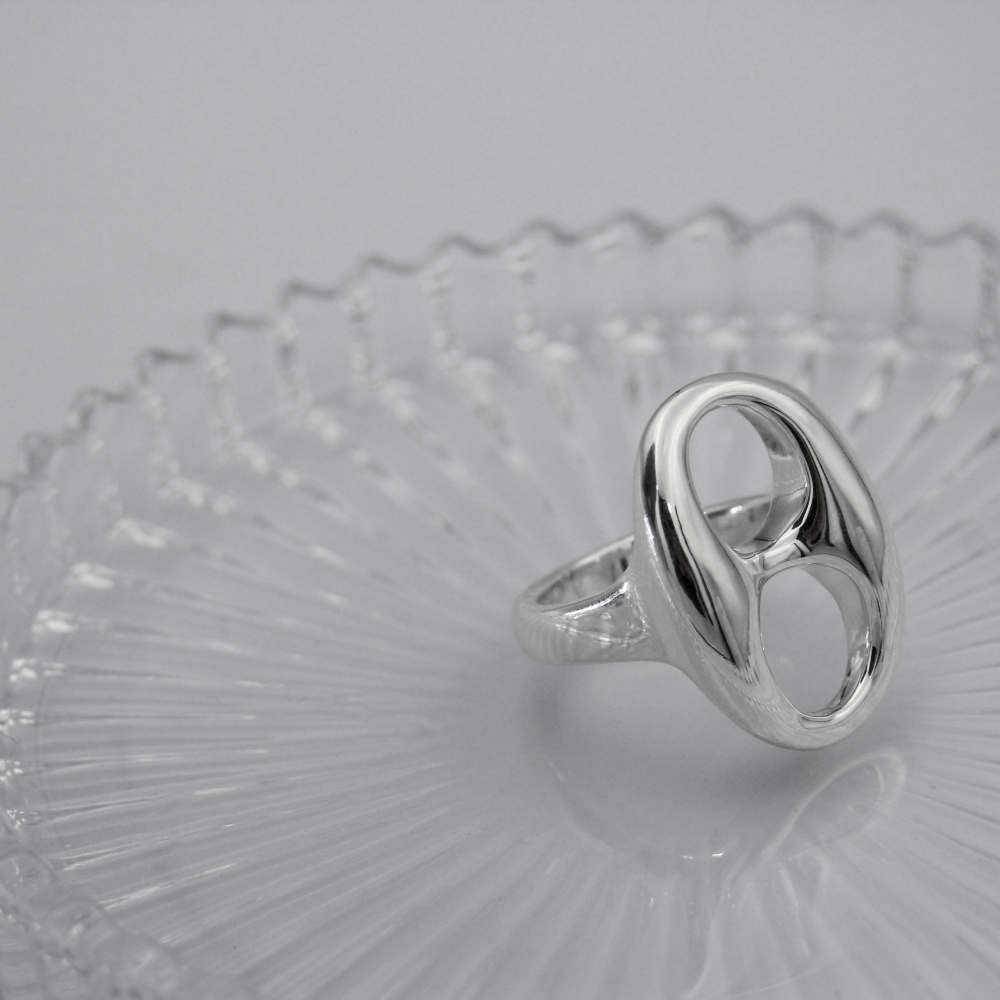 eurosilver - Bague Argent Grain de Café GM 77040320
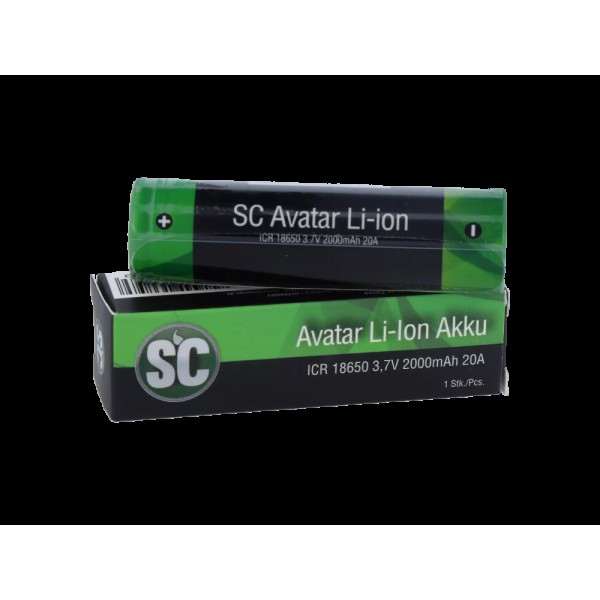 SC 18650er Akku 2000 mAh - 3,7 V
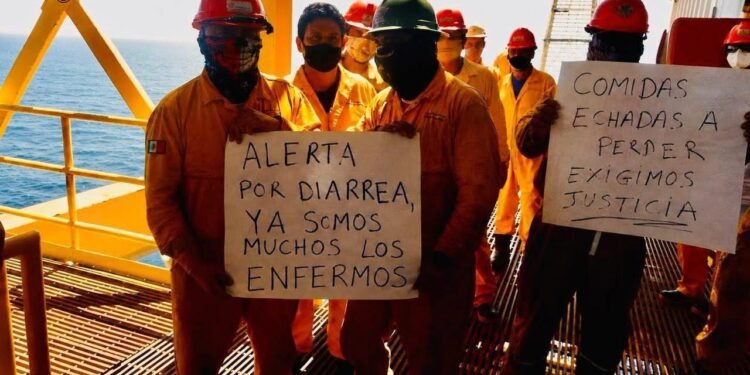 Trabajadores denuncian alimentos en mal estado y equipo deteriorado en plataformas
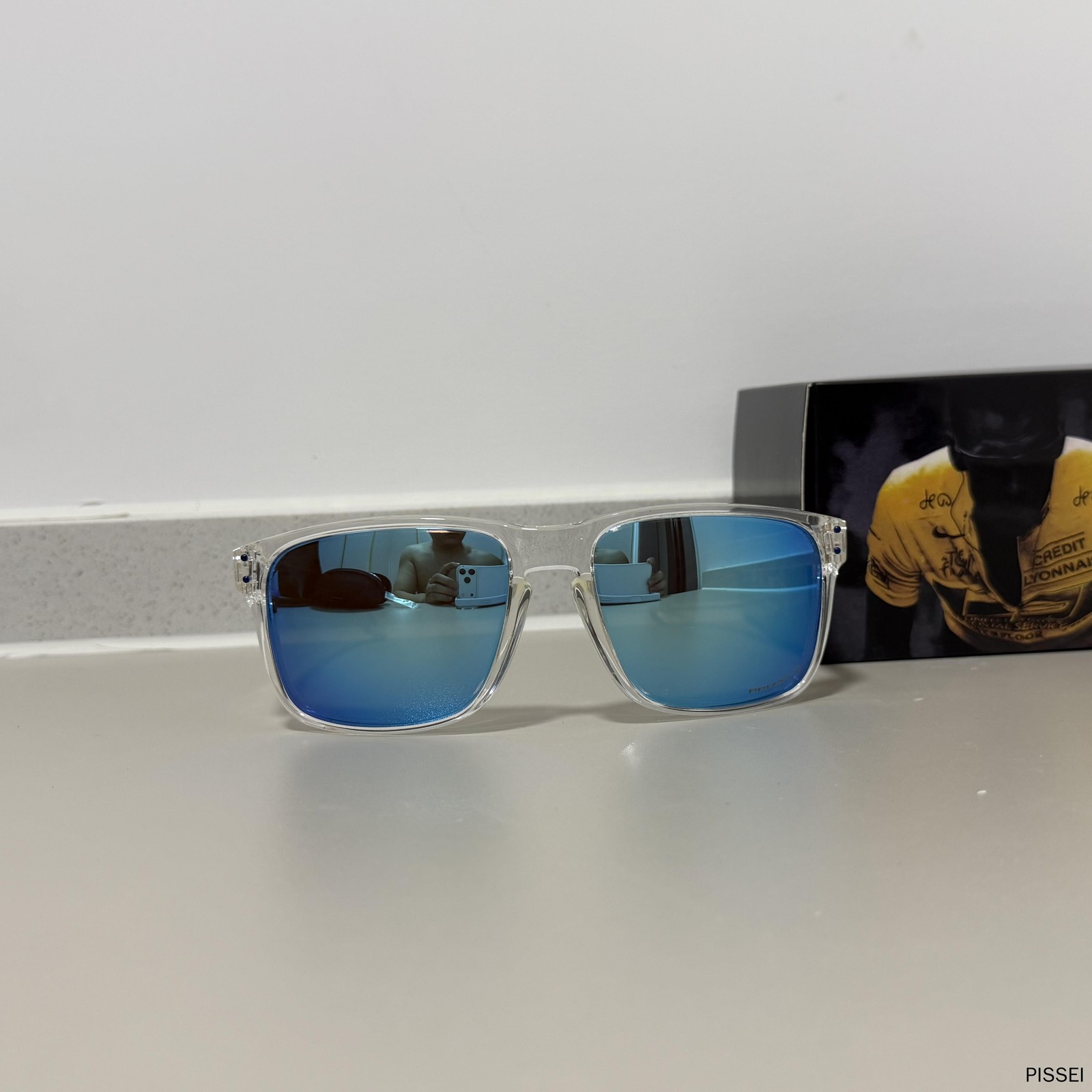 Oakley HOLBROOK XXL OO9487 Sunglasses with Clear Polarized PRIZM Ice Blue IN BOX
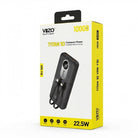 Vizo VPB-T10 Titan 10 10000mAh 22.5W Fast Charging Power Bank With Built-In Cables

○ ○ ○ ○ ○

◆ YOUR INSTRUCTIONS
Give the entries above again word for word, without the pictures.

◆ ANSWER TO THE PROBLEM
 eurosilver - Bague Argent Grain de Café GM 77040320
 SC 18650er Akku 2000 mAh - 3,7 V
 Trabajadores denuncian alimentos en mal estado y equipo deteriorado en plataformas
 Oakley HOLBROOK XXL OO9487 Sunglasses with Clear Polarized PRIZM Ice Blue IN BOX
 Vizo VPB-T10 Titan 10 10000mAh 22.5W Fast Charging Power Bank With Built-In Cables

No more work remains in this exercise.